Posted by Bailey Archdall | No Comments »

Here on the occasion of America’s birthday, I am proudly dedicating this column to the fight against oppression. I mean the kind of outrages that infringe upon our personal financial liberty. Like unfair bank fees, hidden contract terms and the practice wherein the greedy global baking cartel forces us to buy hot dog buns in packs of eight for our Fourth of July parties when hot dogs are sold in packs of 10.

So I have to buy TWO packages of buns. What the heck am I supposed to do with these six leftover buns?

I know it doesn’t rank with being forced to quarter troops in my home during wartime. Still, it’s annoying, which distracts me as a newspaper writer which, if you’ll permit me, raises vital First Amendment issues.

Because, if you can distract Detroit’s tallest personal finance columnist today with your diabolical hot dog bun conspiracy, tomorrow you’ll be shoving the editor of The New York Times into an orange jumpsuit and dragging her off to Gitmo.

Of wheat and wastage

So, clearly, the battle for America’s future will be fought in the baked goods aisle. And if the whole hot dog bun scheme isn’t an infringement on the First Amendment, then it probably violates the Interstate Commerce Clause or, at the very least, the Infield Fly Rule.
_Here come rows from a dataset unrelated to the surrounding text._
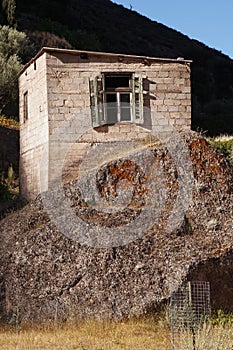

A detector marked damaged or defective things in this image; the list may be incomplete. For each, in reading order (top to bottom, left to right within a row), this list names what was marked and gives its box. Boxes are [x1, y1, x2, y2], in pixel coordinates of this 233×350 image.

broken window [88, 72, 144, 127]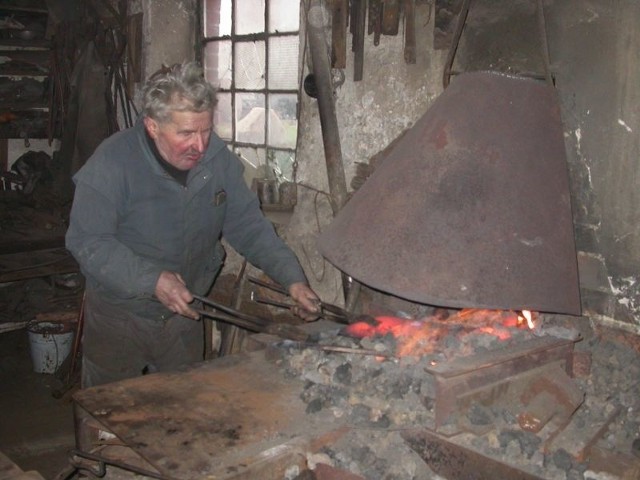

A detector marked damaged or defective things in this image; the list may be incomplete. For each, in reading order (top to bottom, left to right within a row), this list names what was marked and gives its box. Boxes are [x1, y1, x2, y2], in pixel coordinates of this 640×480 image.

rusty hood [318, 70, 584, 316]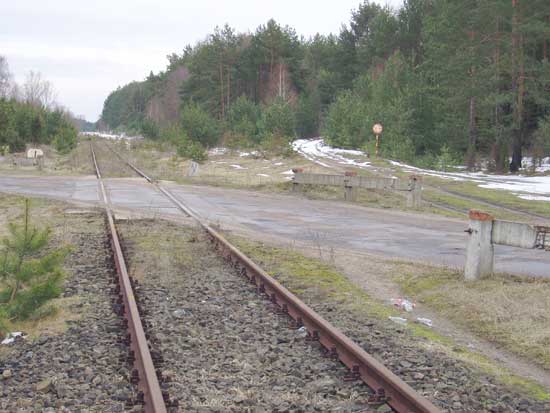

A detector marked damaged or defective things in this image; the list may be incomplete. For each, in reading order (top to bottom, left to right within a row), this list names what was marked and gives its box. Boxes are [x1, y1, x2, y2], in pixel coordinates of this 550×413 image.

rusty railroad track [92, 139, 442, 412]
Getting back to the topic of this very hot dog-centric holiday, more than 64 percent of Americans will celebrate with a cookout, says the National Retail Federation, at an average cost of $61.16. That’s up 12 percent from last year. And while the federation doesn’t break out hot dog buns in that inflated figure (clearly, the NRF has been bought off by the baking cabal!) we do know that the rising price of commodities, including wheat, is partly to blame, which should prompt us to eliminate all unneeded U.S. bunnage.

Lots of dough on the table

Let’s do the math: An estimated 151.14 million adults will host or attend holiday cookouts. Say 10 folks go to each party, each having one hot dog, requiring the purchase of 15.1 million packages of hot dogs— and 30.2million packages of buns. The resulting bun overage: a whopping 90.7million. On sale at $1 per pack (stay with me now!) that’s $11.3 million of voided bunning.
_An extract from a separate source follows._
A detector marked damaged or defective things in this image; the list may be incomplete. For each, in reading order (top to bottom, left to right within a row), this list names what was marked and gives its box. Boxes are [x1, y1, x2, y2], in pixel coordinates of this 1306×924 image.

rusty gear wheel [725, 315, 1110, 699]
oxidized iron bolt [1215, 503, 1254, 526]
Big money is clearly at stake here, involving the global commodities market, the shadowy baking mafia, and probably even the firms making those little clips that hold bread bags shut.

They won’t be happy that I’ve exposed the doughy underbelly of their vicious conspiracy. So I’ll be spending this Fourth of July down in my bunker. If you need me, I’ll be guarding my buns.